Find training partners

There are so many advantages to training with others. You will learn how to handle your bike in a group, which can be handy during races. You’ll learn from others and stay in the loop about the latest cycling news, new gear, and events. And maybe, most importantly, you’ll develop lasting relationships that will keep you coming back to training even when other reasons fade.

Add variety and play

It’s not a good idea to constantly change how you train, that’s a recipe for stalled progress or even injury. On the other hand, regularly reserving some of your training time to play can be really beneficial. The added variety will keep you engaged and playfulness strengthens your love for cycling.
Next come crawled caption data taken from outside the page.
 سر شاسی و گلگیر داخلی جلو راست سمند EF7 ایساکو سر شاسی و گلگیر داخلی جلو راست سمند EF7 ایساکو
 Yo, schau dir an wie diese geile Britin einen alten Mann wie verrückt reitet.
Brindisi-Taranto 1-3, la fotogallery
Play can be as simple as sharing a ride with your friends or choosing a new or adventurous location, no power meters, no heart rate monitors, and no intervals. Think aboutwhat brings you the most joy about cycling and do that for your “play” session, even if it doesn’t really fit with your training plan.
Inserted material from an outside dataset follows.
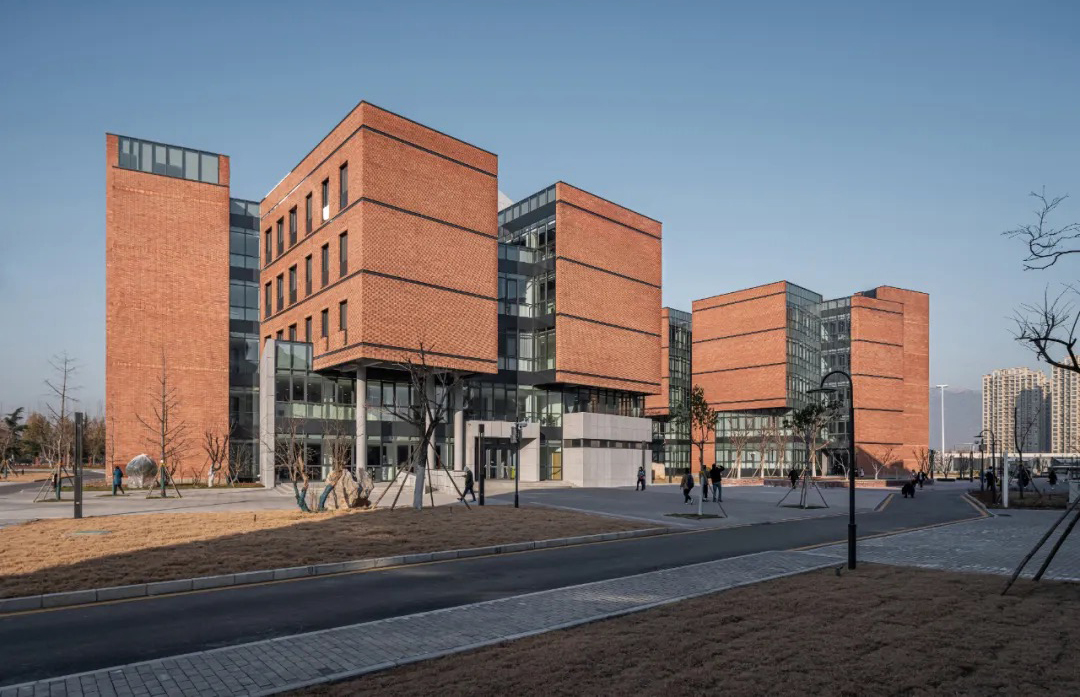 山东农业大学经济管理学院教学楼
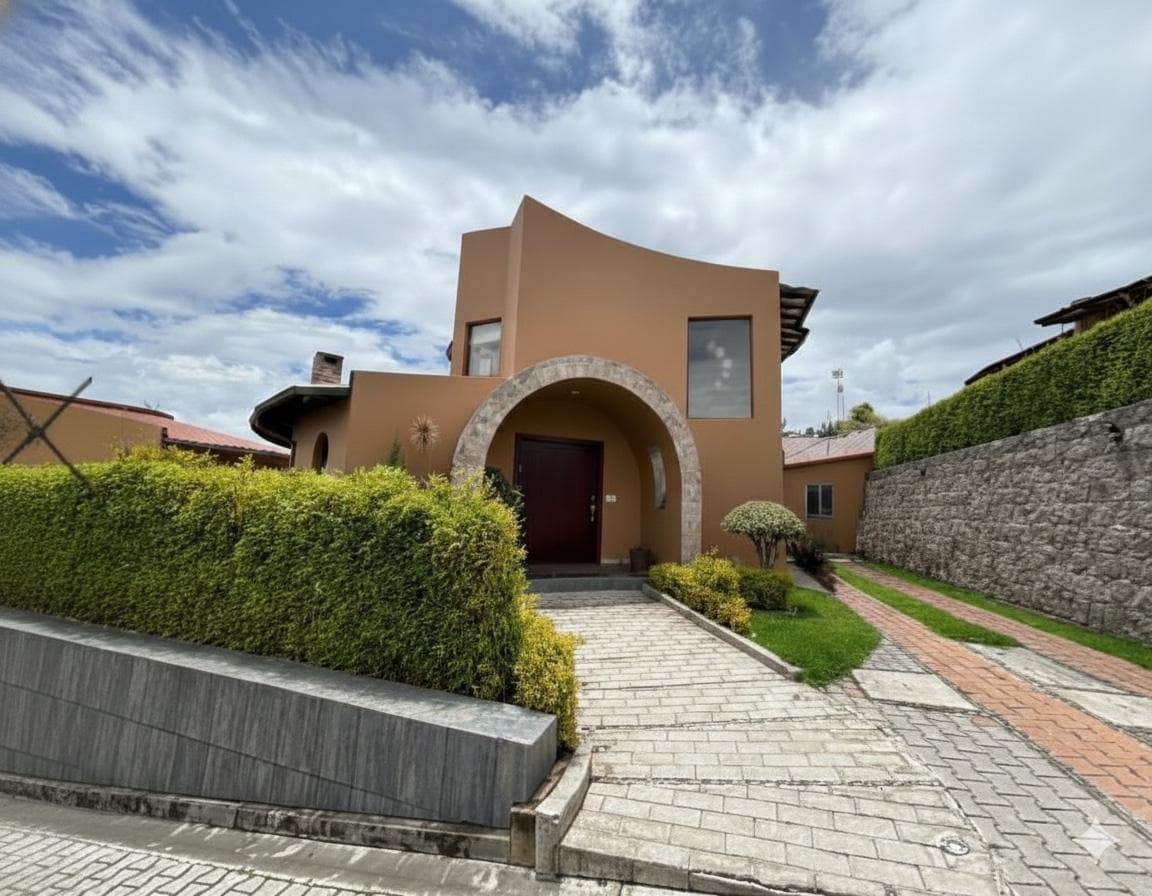 CASA DE VENTA EN NAYON - 1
Don’t focus too much on the numbers

It’s a great feeling to see your times shrink and watts increase. Watching your stats improve can be a good source of motivation but only when things are going well. If you start stagnating or even getting worse, numbers become the enemy of your enthusiasm to train. It helps to develop other ways of looking at your training sessions. For example, learn to celebrate the quality of your training, not just the quantity. Pay attention to how you feel during a ride and after it. Celebrate when you push through a hard interval session, even if the numbers are a bit off. Also, getting a coach that can help you interpret the numbers from the right perspective is valuable.

Learn to enjoy rest

Once you’re on a roll and improving, taking a rest day can feel like a chore. Athletes often tend to fill their rest days with other activities and errands and end up not resting very much at all. This bad habit can result in overtraining and reduced energy and motivation for your main training sessions. Embrace rest and learn to enjoy it. Don’t hesitate to book rest time into your calendar if that helps. Anything that will help you physically and mentally recover.

Fuel your body appropriately

Quality nutrition and proper hydration can go a long way in preventing burnout. It may seem obvious but many athletes still don’t take this part seriously. You don’t need to do anything advanced, just put a high value on getting the basics right. Make sure your main meals of the day contain plenty of protein and vegetables. Take snacks and plenty of fluids on your rides and refuel with a good mix of protein and carbs after hard sessions. If you also get good sleep and manage stress, you won’t have to fear burnout at all.